People would turn his cheek and say "oh, yeah. How'd you get that?"

"Juggling accident," he'd say. It had been his fault really. He'd gotten proficient at five devil sticks and wanted a riskier challenge. During training one day, a knife tumbled out of control and sliced a one-inch gash along his left nostril.

Sometimes, it happened during a drunken sword fight. Once it happened while hypnotizing a Rottweiler.

Each explanation was nonsense. Only his mother knew that it had happened during his first love.

There was an abandoned church on Chestnut Street then, belonging to the First Presbyterian congregation. It stood between the Bryson's house and the Welch building. As Wheelerville grew, the congregation outgrew its pews and built a splashy new clapboard on Main, one with its own lot so folks didn't have to park a couple block away.

The forsaken church on Chestnut Street became a shell.

It became a hollowed out reminder of America's pioneer past, when the train station was an actual stop and not an empty relic of America's romance with itself. The church's red brick spoke of God's unchanging nature. The white trim around doors windows and eaves said modest but proud. Stained glass windows depicted a kaleidoscope of Christian heritage that culminated in the resurrection. The steeple rose eighty-feet towards heaven and was topped by a cross, so you knew which god the First Presbyterians worshipped.
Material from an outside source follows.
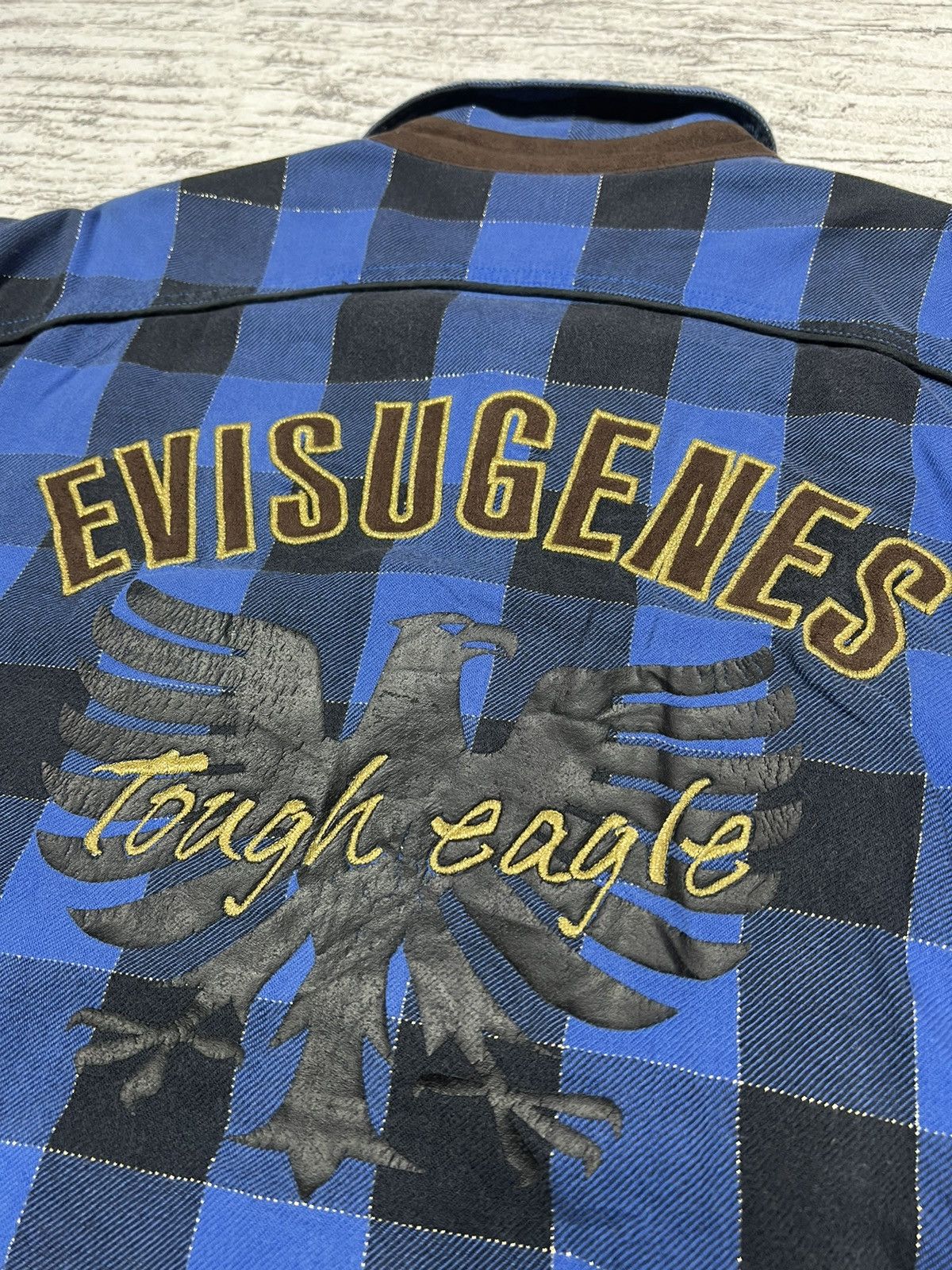 Number (N)ine 2000s Archival Evisu Hysteric Raf Plaid Shirt y2k Lgb Ifsix Size US M / EU 48-50 / 2 - 4 Thumbnail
Inside, a gutted interior said "nothing to see here," save a decaying altar, inadequate for even the simplest rituals. The one protest to such desolation was, oddly, a piano situated obliquely to the far corner. To Will and his friends — Bright, Greg and Kenny — the instrument was an afterthought. Occasionally, they'd enter the church through a side door, and since none of them played the piano, no one ventured in its direction.

Except that Thursday.

Kenny had brought a super ball. They'd whip it against the wall so it ricocheted, and whoever nabbed it got a point. Will didn't get lots of points, but it was a blast. The game ended when he banged into the piano and rolled on the floor, rubbing his head until the pain receded. Being level with the floor, he noticed a trail leading from the instrument that ended behind the altar.

The piano bench bore two clear spots too. There was even evidence that someone had even been playing the keys. The dusty gray film was erased in ovals of white.
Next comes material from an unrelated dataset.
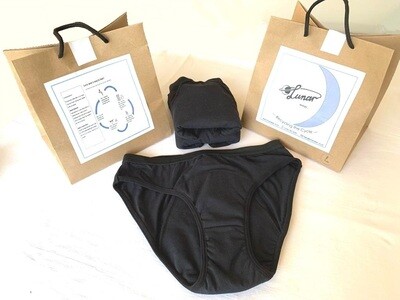 3-Pack Plain Black (School wear)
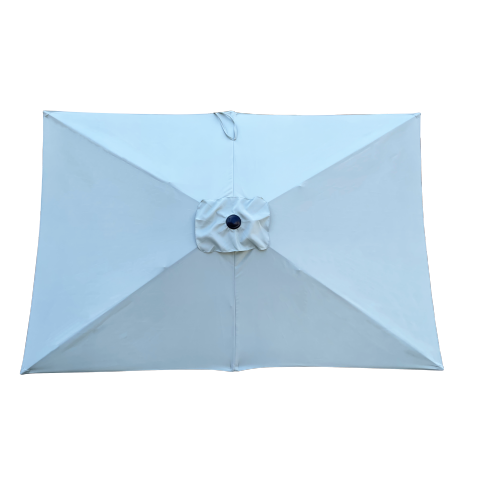 6 x 9ft Patio Umbrella Outdoor Waterproof Umbrella with Crank and Push Button Tilt without flap for Garden Backyard Pool Swimming Pool Market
"Look at this," Will remarked.

Bright said it was a mouse. The bench marks didn't faze them, either. Kenny said the door was unlocked and anyone could come in and play that thing.

"Nobody comes in here and plays it," Greg reminded them. He looked at Will. "You think aliens are living behind the altar?"

Will wasn't in the mood. Pursuing it would start a game of one-upmanship that he had no energy for, even though he was good at it.

"Forget about it," Kenny said. Being sixteen, they were dabbling in adulthood and that meant vices. He broke out a pack of Camels. Will feigned inhaling because he didn't need the habit — instead he'd hold the smoke in his mouth a fair time before exhaling.

Rather than a compulsive addiction, it made smoking a contemplative effort.

Will looked around the circle at three guys he'd known since Kindergarten. Back then, Bright was a borderline chubby kid who smiled a lot and always wanted "in." He was still borderline chubby, but now he was six-feet tall, smart and confident. Lately, he'd been wanting to bet football games.